Les mains tremblantes, les yeux humides, le souffle court, j'ai achevé ma dernière traversée d'Outer Wilds. C'est fou, il y a encore quelques jours j'ignorais tout de son existence et maintenant... Et bien maintenant plus rien ne sera jamais pareil, parce qu'Outer Wilds est peut-être le plus dépaysant, le plus intelligent, le plus incroyable de tous les jeux d'aventure auxquels j'ai eu la chance de jouer. Et je joue depuis trente ans.
Alors oui, sachez-le, il y aura des superlatifs dans cette critique. Car Outer Wilds est de ces jeux pour lesquels, sitôt terminé, on aimerait glisser dans une boucle temporelle, tout oublier, repartir de zéro et tout redécouvrir. Redécouvrir ce prologue, court et simple didacticiel foutrement bien écrit, micro-échantillon déjà fascinant de tout le gigantisme qui nous attend.
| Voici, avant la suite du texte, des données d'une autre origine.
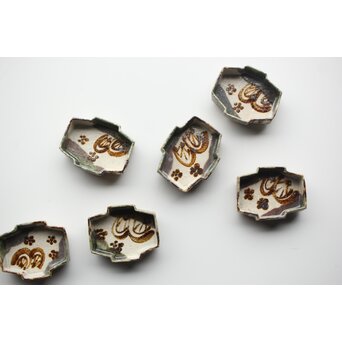 坪島土平 いせ廣永窯 織部向付 六客　P347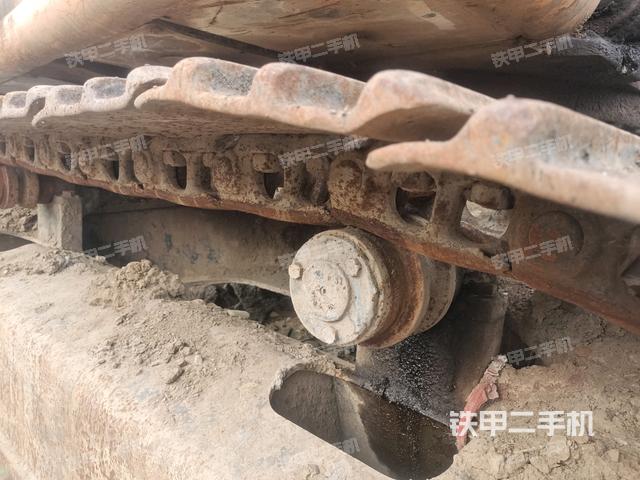 左側行走馬達蓋板（行走機構）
Redécouvrir pourquoi le jeu nous ramène au commencement toutes les 22 minutes dans une explosion démesurée. Redécouvrir ce planet opera vertigineux, caviar haut de gamme de quiconque a déjà rêvé d'exploration spatiale. Redécouvrir ce qui se cache derrière ce voile que l'on soulève centimètre par centimètre à chaque nouveau voyage, cette justification à la logique imparable quand on a fini de relier les points. Car il faut bien le dire : rarement dans un jeu à scénario les pièces du puzzle ne s'étaient aussi bien emboitées.
La force d'Outer Wilds c'est peut être simplement qu'il est un jeu d'aventure total et, je l'espère, un manuel d'instructions à l'attention de tous les game-designers qui poserons leurs doigts dessus : disséminez une folle histoire de SF pure aux quatre coins d'un système solaire où les lois de la physique, implacables (et parfois quantiques), gravent leurs marques dans les astres à chaque instant. Enrobez ce moteur physique irréprochable par une DA flatteuse, une écriture sobre et légère pour un propos profond, une bande son brillante et une multitude de panoramas fascinants, écrasants, majestueux. Créez un univers qui appelle à l'exploration tout autant qu'il inspire la crainte et impose le respect.
Et surtout, laissez le joueur se débrouiller avec tout ça. Par pitié, épargnez-lui les marqueurs de quêtes infantilisants, les arbres de compétences inutiles, le crafting laborieux, le looting vain... Laissez-le voyager où il veut, dans l'ordre qu'il préfère. Laissez-le trouver les indices et chercher les réponses à son rythme, aidez-le un peu avec un journal de bord élégant qui s'occupera de prendre des notes à sa place. Laissez-le essayer, expérimenter, se perdre, apprendre, ressentir la peur du vide et de la mort. Non pas parce-qu'elle est punitive mais simplement parce que la mort, dans Outer Wilds, coupe le souffle propre et net. Laissez-le joueur explorer, échouer, recommencer. Laissez-le rassembler les briques de scénario et les poser dans le bon ordre pour atteindre son "eureka" : cet instant magique où il comprendra Qui, Quand, Pourquoi, et saura alors d'instinct Où et Comment clore cette épopée.
Mon expérience avec Outer Wilds est très personnelle. Si le jeu a aussi bien fonctionné pour moi, s'il s'est instantanément classé parmi mes jeux préférés, c'est parce-qu'il fait écho à de vieux rêves de gosse, et parce qu'il rassasie mon appétit sans fin pour la science fiction pure. Il ne marchera évidemment pas chez tout le monde, car pas assez précis pour certains, trop éprouvant pour d'autres, et certainement pas assez balisé pour beaucoup. Mais Outer Wilds transpire l'amour du jeu vidéo, de l'espace et des belles histoires, et pour ces trois raisons il gagne ma tendresse éternelle.